Europe’s Summer of Sport enters its third phase this week. The London Olympics follow hard on the heels of the Tour de France, which jumped the gun even before the European Football Championships final.
Meanwhile, sport will not distract Europe’s Muslims from observing their most important religious season of the year, While millions of Europeans will sit in front of their television sets, snacking and drinking as their national athletes compete for glory, devout Muslims will discipline themselves to observe one of the highest forms of Islamic worship: fasting.
Rising early for breakfast before the day begins, they will eat or drink nothing else until the sun disappears over the horizon–each day from now until August 18. Ramadan, the ninth month of the Islamic lunar calendar, falls in the middle of (northern) summer this year. That means getting up to share a meal called Sahur together before the fast begins at dawn, today that was about 5:48a.m. Then the first of five daily prayers, Fajr, is offered. Nightfall in Holland today is 9.45pm.
Fasting together as a worldwide community–Ummah–affirms the brotherhood and equality of man before Allah.
However, the timing of Ramadan this year poses a great dilemma for over 3000 Muslim Olympic athletes competing in London.
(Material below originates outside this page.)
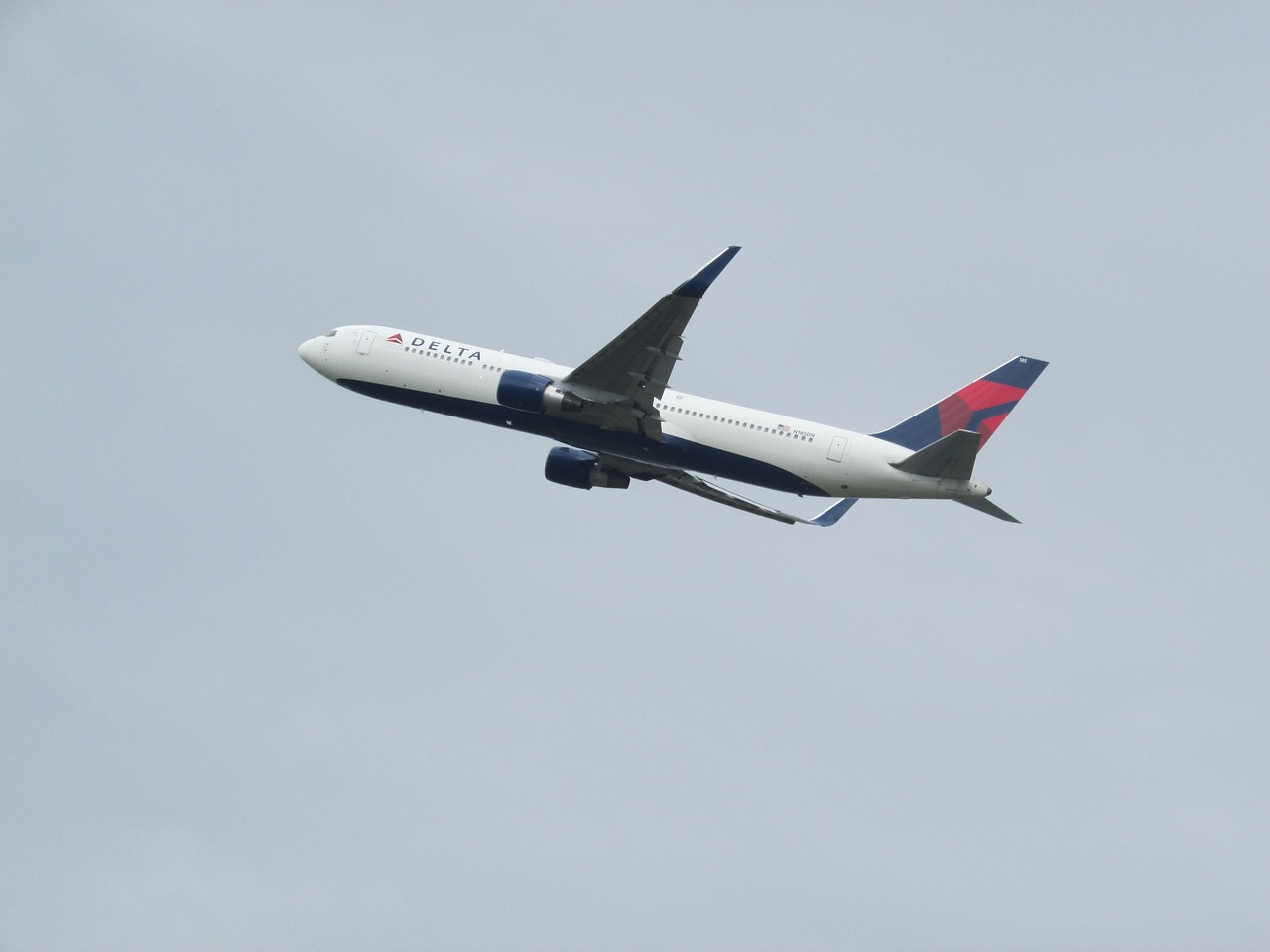 Delta Air Lines plane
Obviously fasting could affect performances and diminish chances of winning an Olympic medal.
Muslim fasting has created problems for sports bodies in recent years, as when the German club of a Moroccan football player said his contract would not allow him to fast from sunrise to sunset. After the club contacted the German Central Muslim Council, which in turn consulted the Al Azhar Mosque in Egypt, a fatwa was issued to allow professional football players to eat and drink during Ramadan.
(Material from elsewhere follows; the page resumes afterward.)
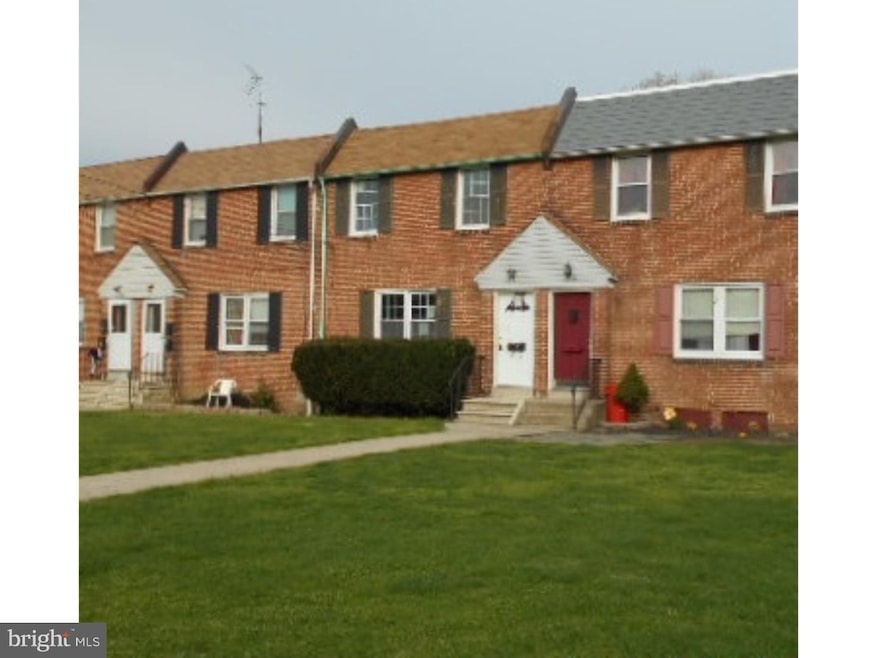 2104 Seneca Rd, Wilmington, DE 19805 - photo 1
Now with the Olympic opening ceremony just days away, the issue has become a public question in the Muslim world: does national glory trump athletes' personal interests?
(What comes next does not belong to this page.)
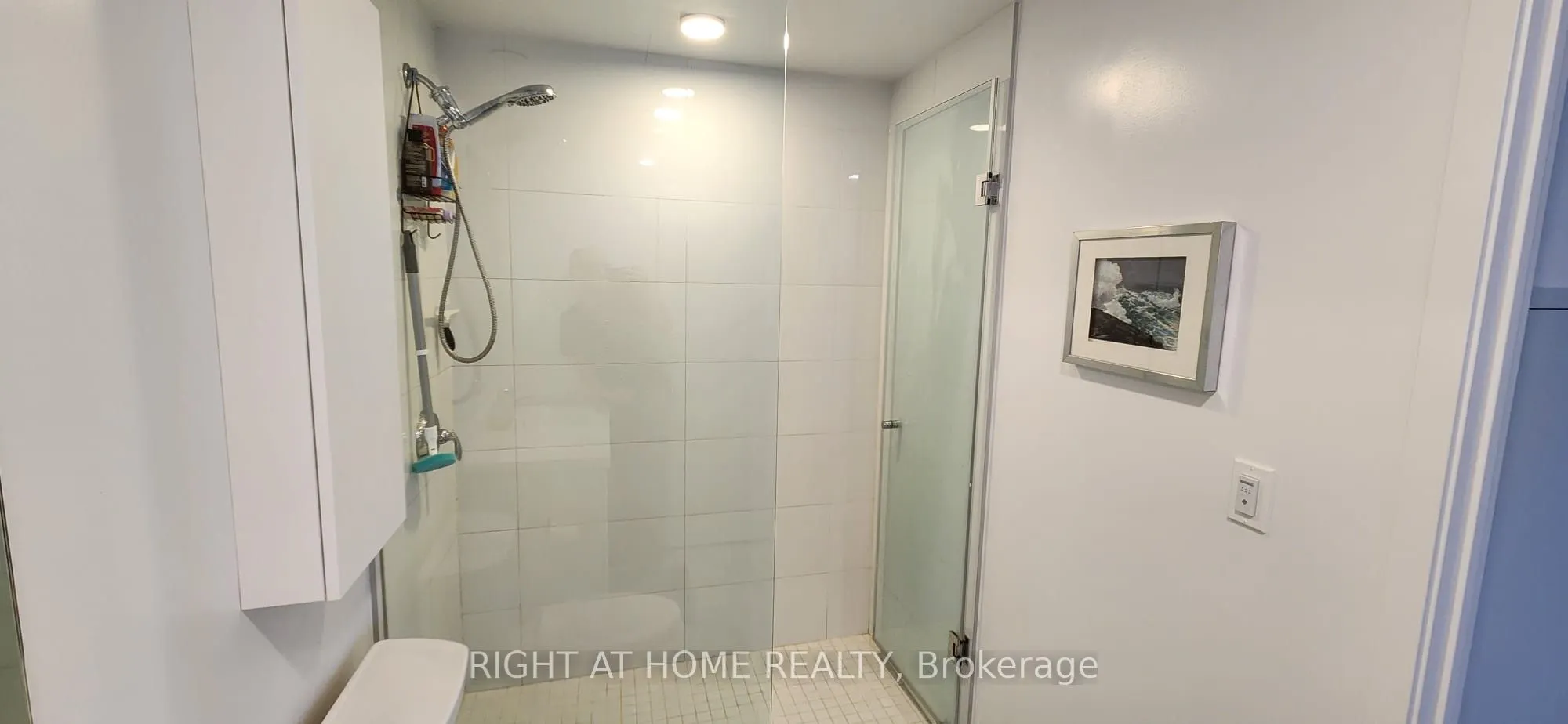 20 O'Neill Road, #527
One British rower with a Moroccan father and an English mother chose not to fast after consulting Islamic clerics. He is obliged to provide food for 60 poor Moroccans during the 30 days of Ramadan: 1800 meals!
But that decision sparked heated debate back in Morocco, as newspaper readers felt such an exception should only be made for fighters in a jihad. Some called the sportsman a kafir, a nonbeliever or apostate.
Urged by the Moroccan Sports Ministry, the Ministry of Religious Affairs last week issued an official fatwa for Moroccan athletes, exempting participants from fasting during the Olympic Games. The fatwa was based on a verse in the Koran excusing travellers from fasting.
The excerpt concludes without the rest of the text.